DIRECTIONS FOR THIS TASK: Type again, exactly, the lines below from the start through the line that includes "Кемпер Carthago Malibu".

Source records
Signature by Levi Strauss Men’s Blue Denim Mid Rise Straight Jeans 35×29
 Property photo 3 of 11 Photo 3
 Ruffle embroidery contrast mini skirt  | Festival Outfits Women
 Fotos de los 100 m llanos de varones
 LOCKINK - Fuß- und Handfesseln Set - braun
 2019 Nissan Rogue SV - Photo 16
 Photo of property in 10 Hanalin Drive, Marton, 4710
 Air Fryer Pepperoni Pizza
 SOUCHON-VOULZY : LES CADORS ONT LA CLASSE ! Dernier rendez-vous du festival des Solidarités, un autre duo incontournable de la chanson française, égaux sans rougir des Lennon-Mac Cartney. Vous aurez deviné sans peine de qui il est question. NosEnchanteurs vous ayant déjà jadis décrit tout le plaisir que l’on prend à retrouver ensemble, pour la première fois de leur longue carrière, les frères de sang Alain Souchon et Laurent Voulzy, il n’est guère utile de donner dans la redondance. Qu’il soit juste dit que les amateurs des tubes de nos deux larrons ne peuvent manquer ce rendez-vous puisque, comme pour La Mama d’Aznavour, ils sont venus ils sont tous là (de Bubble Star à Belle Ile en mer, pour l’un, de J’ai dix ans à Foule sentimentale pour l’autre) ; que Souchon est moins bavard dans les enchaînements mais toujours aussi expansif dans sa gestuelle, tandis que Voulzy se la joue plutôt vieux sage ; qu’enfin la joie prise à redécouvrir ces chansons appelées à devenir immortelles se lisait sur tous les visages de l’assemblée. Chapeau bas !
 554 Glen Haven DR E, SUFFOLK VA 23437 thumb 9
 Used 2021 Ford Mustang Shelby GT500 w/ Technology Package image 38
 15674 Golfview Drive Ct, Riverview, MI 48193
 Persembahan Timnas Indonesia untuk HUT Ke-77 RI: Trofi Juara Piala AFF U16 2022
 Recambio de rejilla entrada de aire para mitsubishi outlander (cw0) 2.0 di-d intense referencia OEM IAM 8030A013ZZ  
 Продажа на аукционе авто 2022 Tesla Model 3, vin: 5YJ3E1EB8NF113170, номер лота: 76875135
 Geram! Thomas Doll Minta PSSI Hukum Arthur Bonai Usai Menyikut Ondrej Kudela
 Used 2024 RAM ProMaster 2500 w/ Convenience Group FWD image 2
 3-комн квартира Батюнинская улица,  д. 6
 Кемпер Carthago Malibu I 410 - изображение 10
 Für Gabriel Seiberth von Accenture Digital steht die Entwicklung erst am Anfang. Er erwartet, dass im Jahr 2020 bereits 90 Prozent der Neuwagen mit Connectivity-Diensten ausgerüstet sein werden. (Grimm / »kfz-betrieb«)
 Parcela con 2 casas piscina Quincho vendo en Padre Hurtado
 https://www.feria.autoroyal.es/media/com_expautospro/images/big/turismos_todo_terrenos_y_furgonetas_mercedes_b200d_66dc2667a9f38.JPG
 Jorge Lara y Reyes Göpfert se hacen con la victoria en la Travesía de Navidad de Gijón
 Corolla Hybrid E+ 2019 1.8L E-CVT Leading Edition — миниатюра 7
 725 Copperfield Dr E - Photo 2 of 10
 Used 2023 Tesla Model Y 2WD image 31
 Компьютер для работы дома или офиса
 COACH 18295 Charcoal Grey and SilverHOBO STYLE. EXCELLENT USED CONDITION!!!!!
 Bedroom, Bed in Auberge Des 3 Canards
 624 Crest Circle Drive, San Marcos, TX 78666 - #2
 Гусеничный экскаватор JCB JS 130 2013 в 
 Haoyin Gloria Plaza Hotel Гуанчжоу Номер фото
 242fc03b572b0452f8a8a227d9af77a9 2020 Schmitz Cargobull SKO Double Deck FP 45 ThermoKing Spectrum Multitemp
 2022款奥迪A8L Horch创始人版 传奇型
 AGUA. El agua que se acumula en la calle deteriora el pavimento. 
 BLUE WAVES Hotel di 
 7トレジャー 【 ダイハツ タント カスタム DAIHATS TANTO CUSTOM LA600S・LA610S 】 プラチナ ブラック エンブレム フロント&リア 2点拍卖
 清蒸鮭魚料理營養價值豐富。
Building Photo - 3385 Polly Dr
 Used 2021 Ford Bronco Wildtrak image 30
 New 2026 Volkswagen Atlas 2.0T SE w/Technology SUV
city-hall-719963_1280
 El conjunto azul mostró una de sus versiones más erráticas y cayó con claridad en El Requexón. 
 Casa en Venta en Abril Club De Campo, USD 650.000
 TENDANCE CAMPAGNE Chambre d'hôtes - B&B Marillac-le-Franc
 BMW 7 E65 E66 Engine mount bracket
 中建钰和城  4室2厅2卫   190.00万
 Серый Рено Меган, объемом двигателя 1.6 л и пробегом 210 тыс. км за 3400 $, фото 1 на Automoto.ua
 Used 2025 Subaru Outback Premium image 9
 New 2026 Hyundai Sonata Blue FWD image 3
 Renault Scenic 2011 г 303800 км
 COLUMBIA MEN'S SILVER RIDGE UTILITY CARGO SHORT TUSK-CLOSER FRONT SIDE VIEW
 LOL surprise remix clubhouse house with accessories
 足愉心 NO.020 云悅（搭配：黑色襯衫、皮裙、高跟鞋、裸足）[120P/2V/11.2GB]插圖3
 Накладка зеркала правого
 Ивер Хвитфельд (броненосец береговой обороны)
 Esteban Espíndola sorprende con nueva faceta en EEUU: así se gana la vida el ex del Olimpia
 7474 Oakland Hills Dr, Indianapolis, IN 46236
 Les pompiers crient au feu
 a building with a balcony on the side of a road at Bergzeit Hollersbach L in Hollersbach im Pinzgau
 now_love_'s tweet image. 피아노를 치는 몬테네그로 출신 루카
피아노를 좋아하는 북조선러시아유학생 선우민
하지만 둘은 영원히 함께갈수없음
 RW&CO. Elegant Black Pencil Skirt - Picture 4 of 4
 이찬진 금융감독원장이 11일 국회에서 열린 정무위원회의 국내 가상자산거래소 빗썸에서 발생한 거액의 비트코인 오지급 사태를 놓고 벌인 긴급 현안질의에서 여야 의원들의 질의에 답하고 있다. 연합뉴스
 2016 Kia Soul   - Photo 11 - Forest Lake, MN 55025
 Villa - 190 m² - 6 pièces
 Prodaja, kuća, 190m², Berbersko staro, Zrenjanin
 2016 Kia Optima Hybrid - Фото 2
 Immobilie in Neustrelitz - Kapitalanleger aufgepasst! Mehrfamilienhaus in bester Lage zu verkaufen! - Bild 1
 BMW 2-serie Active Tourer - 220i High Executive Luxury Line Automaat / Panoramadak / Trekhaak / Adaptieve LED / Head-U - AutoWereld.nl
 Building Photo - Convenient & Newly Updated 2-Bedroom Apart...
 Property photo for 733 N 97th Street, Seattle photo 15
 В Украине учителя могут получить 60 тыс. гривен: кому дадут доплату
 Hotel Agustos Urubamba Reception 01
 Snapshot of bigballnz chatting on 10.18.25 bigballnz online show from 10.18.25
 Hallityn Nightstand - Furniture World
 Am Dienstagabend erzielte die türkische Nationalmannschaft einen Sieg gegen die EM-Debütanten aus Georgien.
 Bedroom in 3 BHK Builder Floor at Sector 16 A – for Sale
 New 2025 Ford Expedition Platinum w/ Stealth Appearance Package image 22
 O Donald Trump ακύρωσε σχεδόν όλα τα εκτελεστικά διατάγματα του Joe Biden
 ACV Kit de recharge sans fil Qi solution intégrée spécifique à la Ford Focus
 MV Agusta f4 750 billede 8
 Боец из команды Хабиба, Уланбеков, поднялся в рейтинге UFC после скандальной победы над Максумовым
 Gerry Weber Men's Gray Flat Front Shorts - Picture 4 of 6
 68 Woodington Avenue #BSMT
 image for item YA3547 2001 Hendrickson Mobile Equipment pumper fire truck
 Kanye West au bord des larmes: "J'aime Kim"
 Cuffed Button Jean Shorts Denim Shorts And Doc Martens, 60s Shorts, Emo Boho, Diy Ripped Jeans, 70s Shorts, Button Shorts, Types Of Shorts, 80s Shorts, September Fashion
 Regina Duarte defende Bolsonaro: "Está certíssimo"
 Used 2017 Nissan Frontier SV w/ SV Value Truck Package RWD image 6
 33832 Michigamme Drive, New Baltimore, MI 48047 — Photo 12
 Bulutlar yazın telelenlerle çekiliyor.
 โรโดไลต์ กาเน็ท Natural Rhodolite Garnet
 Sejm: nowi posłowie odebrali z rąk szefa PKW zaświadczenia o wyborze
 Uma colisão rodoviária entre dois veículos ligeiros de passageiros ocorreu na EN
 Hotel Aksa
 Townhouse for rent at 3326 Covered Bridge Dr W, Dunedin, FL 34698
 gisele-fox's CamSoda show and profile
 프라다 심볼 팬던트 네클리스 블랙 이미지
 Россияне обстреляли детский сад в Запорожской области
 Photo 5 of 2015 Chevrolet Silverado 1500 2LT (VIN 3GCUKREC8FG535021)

EXERCISE RESULT:
Signature by Levi Strauss Men’s Blue Denim Mid Rise Straight Jeans 35×29
 Property photo 3 of 11 Photo 3
 Ruffle embroidery contrast mini skirt  | Festival Outfits Women
 Fotos de los 100 m llanos de varones
 LOCKINK - Fuß- und Handfesseln Set - braun
 2019 Nissan Rogue SV - Photo 16
 Photo of property in 10 Hanalin Drive, Marton, 4710
 Air Fryer Pepperoni Pizza
 SOUCHON-VOULZY : LES CADORS ONT LA CLASSE ! Dernier rendez-vous du festival des Solidarités, un autre duo incontournable de la chanson française, égaux sans rougir des Lennon-Mac Cartney. Vous aurez deviné sans peine de qui il est question. NosEnchanteurs vous ayant déjà jadis décrit tout le plaisir que l’on prend à retrouver ensemble, pour la première fois de leur longue carrière, les frères de sang Alain Souchon et Laurent Voulzy, il n’est guère utile de donner dans la redondance. Qu’il soit juste dit que les amateurs des tubes de nos deux larrons ne peuvent manquer ce rendez-vous puisque, comme pour La Mama d’Aznavour, ils sont venus ils sont tous là (de Bubble Star à Belle Ile en mer, pour l’un, de J’ai dix ans à Foule sentimentale pour l’autre) ; que Souchon est moins bavard dans les enchaînements mais toujours aussi expansif dans sa gestuelle, tandis que Voulzy se la joue plutôt vieux sage ; qu’enfin la joie prise à redécouvrir ces chansons appelées à devenir immortelles se lisait sur tous les visages de l’assemblée. Chapeau bas !
 554 Glen Haven DR E, SUFFOLK VA 23437 thumb 9
 Used 2021 Ford Mustang Shelby GT500 w/ Technology Package image 38
 15674 Golfview Drive Ct, Riverview, MI 48193
 Persembahan Timnas Indonesia untuk HUT Ke-77 RI: Trofi Juara Piala AFF U16 2022
 Recambio de rejilla entrada de aire para mitsubishi outlander (cw0) 2.0 di-d intense referencia OEM IAM 8030A013ZZ  
 Продажа на аукционе авто 2022 Tesla Model 3, vin: 5YJ3E1EB8NF113170, номер лота: 76875135
 Geram! Thomas Doll Minta PSSI Hukum Arthur Bonai Usai Menyikut Ondrej Kudela
 Used 2024 RAM ProMaster 2500 w/ Convenience Group FWD image 2
 3-комн квартира Батюнинская улица,  д. 6
 Кемпер Carthago Malibu I 410 - изображение 10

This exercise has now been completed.